11. Comprovado, nos autos, que a parte autora é segurada da Previdência Social e cumpriu a carência de 12 (doze) contribuições, exigida pelo artigo 25, inciso I, da Lei nº 8.213/91.
12. O termo inicial do benefício, em regra, deveria ser fixado à data do requerimento administrativo ou, na sua ausência, à data da citação (Súmula nº 576/STJ) ou, ainda, na hipótese de auxílio-doença cessado indevidamente, no dia seguinte ao da cessação indevida do benefício.
13. No caso, o termo inicial do benefício é fixado no dia seguinte ao da cessação do auxílio-doença.
14. Para o cálculo dos juros de mora e correção monetária, devem ser aplicados os índices previstos no Manual de Orientação de Procedimentos para os Cálculos da Justiça Federal, aprovado pelo Conselho da Justiça Federal, (i) à exceção da correção monetária a partir de julho de 2009, período em que deve ser observado o Índice de Preços ao Consumidor Amplo Especial – IPCA-e, critério estabelecido pelo Pleno do Egrégio Supremo Tribunal Federal, quando do julgamento do Recurso Extraordinário nº 870.947/SE, realizado em 20/09/2017, na sistemática de Repercussão Geral, e confirmado em 03/10/2019, com a rejeição dos embargos de declaração opostos pelo INSS, e, (ii) a partir da promulgação da Emenda Constitucional nº 113, de 08/12/2021, será aplicada a taxa SELIC, “para fins de atualização monetária, de remuneração do capital e de compensação da mora, inclusive do precatório, uma única vez, até o efetivo pagamento, acumulado mensalmente”.
15. Se a sentença determinou a aplicação de critérios de juros de mora e correção monetária diversos, ou, ainda, se ela deixou de estabelecer os índices a serem observados, pode esta Corte alterá-los ou fixá-los, inclusive de ofício, para adequar o julgado ao entendimento pacificado nos Tribunais Superiores.

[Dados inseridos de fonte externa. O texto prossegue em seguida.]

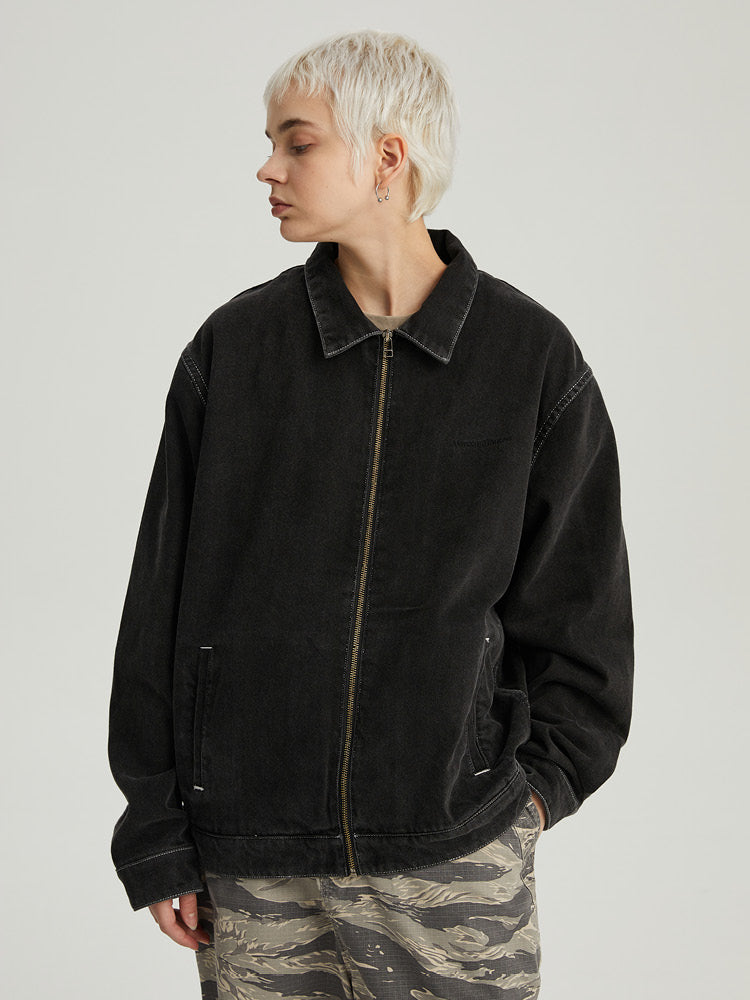 Wassup House Denim Basic Zipper Jacket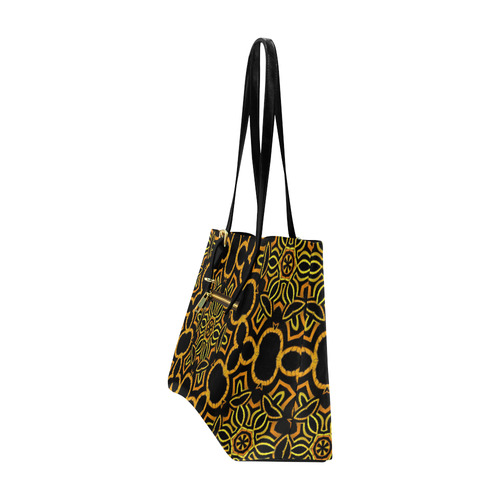 yellow-gold-black Euramerican Tote Bag/Large (Model 1656)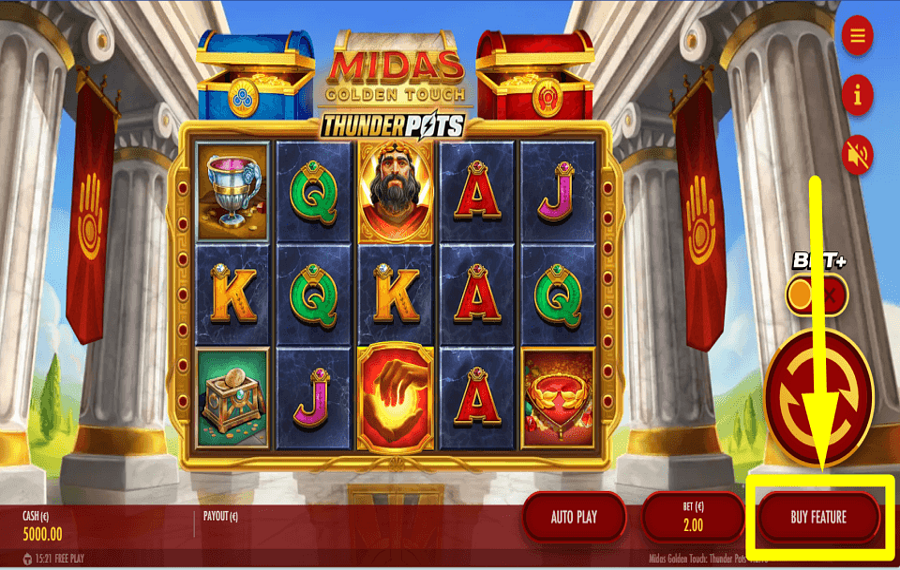 Midas Golden Touch Thunder Pots ACQUISTA LE CARATTERISTICHE.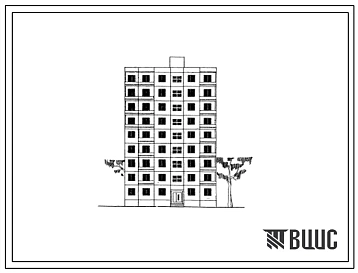 Типовой проект 1-464АС-074 Девятиэтажная рядовая блок-секция на 18 квартир (трехкомнатных 3Б-9, пятикомнатных 5Б-9). Для строительства в 4 климатическом районе Грузинской ССР сейсмичностью 7 баллов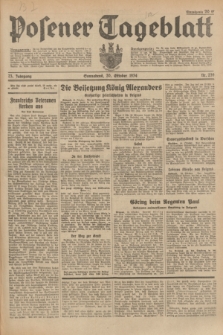 Posener Tageblatt. Jg.73, Nr. 239 (20 Oktober 1934) + dod.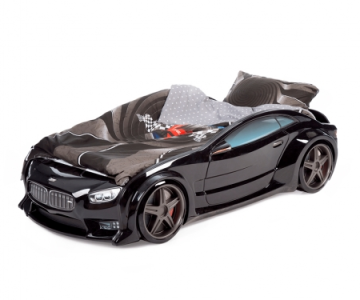 Комплект постельного белья для машинок-кроваток (чёрный)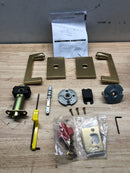 Emtek C510AGUS4 Argos Passage Brass Leverset with CF Mechanism - Satin Brass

16. Vencido o INSS, a ele incumbe o pagamento de honorários advocatícios, fixados em 10% do valor das prestações vencidas até a data da sentença (Súmula nº 111/STJ).
17. A Autarquia Previdenciária está isenta das custas processuais, tanto no âmbito da Justiça Federal (Lei nº 9.289/96, art. 4º, I) como da Justiça do Estado de São Paulo (Leis Estaduais nºs 4.952/85 e 11.608/2003), mas (i) não do reembolso das custas recolhidas pela parte autora (artigo 4º, parágrafo único, da Lei nº 9.289/96), inexistentes, no caso, tendo em conta a gratuidade processual que foi concedida à parte autora, (ii) nem do pagamento de honorários periciais ou do seu reembolso, caso o pagamento já tenha sido antecipado pela Justiça Federal, devendo retornar ao erário (Resolução CJF nº 305/2014, art. 32).
18. Apelo parcialmente provido. Sentença reformada.